J’ai d’abord fait la queue à l’extérieur de l’ambassade. Attente. Attente. Attente. Une jeune femme vient nous ordonner de fermer nos portables, mais de les garder à la main avec une preuve d’identité. Nouvelle attente. On entre enfin. À la porte on nous confisque nos portables. On se retrouve alors dans une grande salle avec des chaises rouges. Mais on fait toujours la queue, debout. Attente encore. Au bout d’un bon moment, on nous permet de nous asseoir sur les chaises rouges. Puis une voix dans un micro nous dit de nous présenter à la porte 3 à l’appel de notre nom.

C’est mon tour. La porte 3 donne sur une petite pièce. Dans cette pièce, un guichet vitré. Derrière la vitre du guichet, une femme. Je dépose ma carte d’identité dans le tiroir tournant au bas du guichet. La femme me dit qu’elle va me rendre tous mes documents parce que ma demande de visa a été refusée.

Je lui demande pourquoi.

Elle me répond que c’est expliqué sur le formulaire qu’elle joint à mes documents. Elle tourne le tiroir vers moi.

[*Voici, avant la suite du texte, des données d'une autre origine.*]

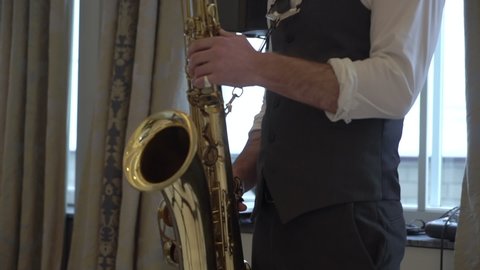 Saxophonist playing saxophone at the party. Man with golden sax player. Wind musical instrument at the party or concert indoors. 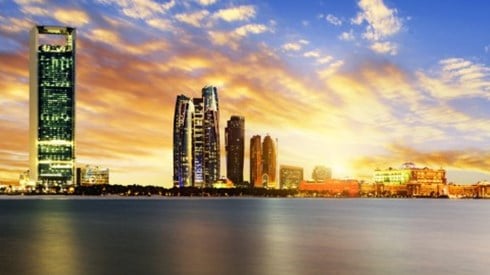 Waterfront skyline view of Abu Dhabi at sunset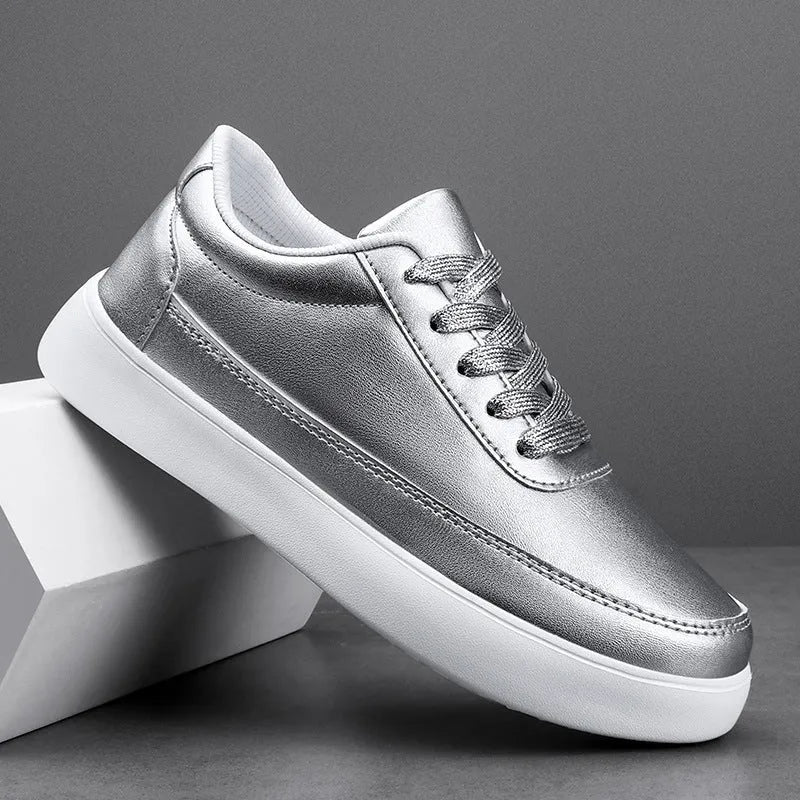 Women's white leather flat lace-up shoes on a solid background.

Je me saisis de la circulaire, je lis le motif du refus. Motif : Vous ne m’avez pas convaincu que vous quitteriez le Canada à la fin de votre séjour si vous étiez autorisée à y séjourner.

Comment aurais-je pu convaincre qui que ce soit sans avoir jamais parlé à personne?

La dame derrière la vitre ne répond pas.

Qu’est-ce que je peux faire maintenant?

Lisez le formulaire, dit la dame.

C’est alors que je m’aperçois que ce refus s’accompagne d’une interdiction de refaire une demande de visa avant deux ans.

Je me sens humiliée. Triste. Fâchée. Des gens qui ne me connaissent pas viennent de me traiter de menteuse.

IIIIIIIIIIIIIIIIIIIIIIIIIIIIII

Notons avant toute chose qu’aucune faute ni aucun abus n’ont été commis ici. Dans cette non-histoire, les agents d’immigration ont agi en totale conformité avec le Règlement et avec la Loi canadienne sur l’immigration.

Vous ne vous en souvenez sûrement pas, mais cette histoire, enfin pas exactement celle-ci, mais la même quand même, je l’ai déjà racontée 20, 30, peut-être 50 fois dans cette chronique. Et c’est toujours la même histoire de stricte application de la Loi de l’Immigration, la même histoire d’agents de l’immigration qui font leur travail, rien que leur travail, et se conduisent néanmoins comme des trous d’cul parce que la loi et le règlement les autorisent et même les encouragent à se conduire comme des trous d’cul, ce qu’ils font avec zèle et diligence parce qu’au fond, ce sont effectivement des trous d’cul.

Toujours la même histoire du plussssse beau pays du monde qui, dans ses ambassades, montre les vraies limites de ses nombreuses chartes de droits : de ce côté-ci de la vitre pare-balles du guichet, tous Canadiens quels que soient le sexe, la couleur de la peau, la religion, l’origine ethnique. De l’autre côté de la vitre, tous des bougnoules et des putains de menteurs.

Parce que vous, monsieur le chroniqueur, vous laisseriez entrer n’importe qui?

Non. Mais je ne traiterais pas les gens de menteurs sans preuve. Je ne traiterais pas de menteuse une dame qui ne m’a pas donné la plus petite raison de penser qu’elle ne disait pas la vérité. Et si j’avais malgré tout un doute, je me tournerais alors vers le répondant canadien : oublie pas bonhomme, t’es responsable.

Mais surtout, si j’en avais le pouvoir, avant tout chose, je commencerais par demander au personnel de toutes les ambassades canadiennes dans le monde de cesser de se conduire en assiégés, en connards de zouaves qui défendent l’entrée du paradis. Je leur demanderais un peu plus de modestie nationale. Je leur demanderais de ne pas fédérer leurs visiteurs en troupeaux et de ne pas japper après. Je leur demanderais de payer le café, de sourire, de moins s’agiter du drapeau, bref, d’être des Citoyens canadiens, mais en mettant bien la majuscule à Citoyen.